Adaptive Sequential Designs have been widely used in human clinical trials for new drug development since the 1970s, and can provide a variety of advantages over non-adaptive designs. In 2008, Potvin et al. proposed a hybrid of a group sequential design and adaptive sequential design: a two-stage group sequential design with sample size re-estimation based on the variance estimated from the first stage.[i]

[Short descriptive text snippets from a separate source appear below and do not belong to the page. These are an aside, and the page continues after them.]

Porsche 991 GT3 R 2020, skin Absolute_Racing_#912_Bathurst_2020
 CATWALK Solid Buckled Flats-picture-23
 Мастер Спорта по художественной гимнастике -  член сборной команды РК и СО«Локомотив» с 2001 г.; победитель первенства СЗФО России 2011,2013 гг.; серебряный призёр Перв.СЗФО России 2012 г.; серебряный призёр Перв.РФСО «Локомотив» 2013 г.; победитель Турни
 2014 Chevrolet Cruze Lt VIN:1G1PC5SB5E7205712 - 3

In Bioequivalence trials, this design has been accepted and recommended by the major regulatory bodies (US FDA, EU/EMA, Health Canada). Potvin recommended three methods: methods B, C, and D, which were three variations of adaptive sequential methods based on type I error level, power calculation, stopping rules, and re-estimate sample size.[i]

Major Advantages of Adaptive Sequential Designs

There are a number of major advantages when discussing adaptive sequential design; 

  1. Statistical efficiency: an adaptive design can provide a greater chance to detect a true drug effect (i.e., greater statistical power) than a comparable non-adaptive design.
  2. Ethical considerations: an adaptive design can stop a trial early if it becomes clear that the trial is unlikely to demonstrate that effectiveness can reduce the number of patients exposed to the unnecessary risk of an ineffective investigational treatment.
  3. Dynamic understanding of drug effects.
  4. Acceptability to stakeholders: the sponsors might be more willing to commit to a trial that allows planned design modifications based on accumulating information because of the added trial flexibility.
  5. Multiple Trials: adaptive design provides the chance to avoid a trial with inadequate statistical power, and therefore helps ensure that the trial would efficiently and reliably achieve its objective.
  6. Unprecedented COVID-19 challenges: study interruptions that can lead to using multiple batches in a single study due to batch expiration, partial data due to participant drop out.
  7. The variability of uncertainty: there is very little information on the intra‐subject variance, or the estimate of the intra‐subject variance from the literature has large uncertainty.
  8. The assessment of safety and effectiveness: the trial was to select an appropriate dose and confirm the safety and effectiveness of that dose in a timely manner.

Key Summary of Research History:

In the late 1970s, Pocock, O’Brien, and Fleming proposed group sequential design tests that allow for one or more prospectively planned interim analyses of comparative data with prespecified criteria for stopping the trial.[ii] A variety of methods exist to determine appropriate stopping boundaries for the interim and final analyses, such that the Type I error probability is appropriately controlled. For example, the O’Brien-Fleming approach tends to require very persuasive early results to stop the trial for efficacy.[ii]

Alternative approaches such as that proposed by Pocock require less persuasive early results and have higher probabilities of early stopping. These and other approaches rely on prospective planning of both the number of interim analyses and the specific sample size or number of event targets at which those analyses will occur. 

The Lan-DeMets alpha-spending approach accommodates varying levels of evidence for early stopping by specifying a function for how the Type I error probability is spent throughout the trial, while also allowing for flexibility in determining the number and timing of interim analyses. The possibilities of stopping a study earlier or adjusting the sample size during the conduct of a study are attractive properties of these designs.

What is the Current Thinking From the Regulatory Bodies?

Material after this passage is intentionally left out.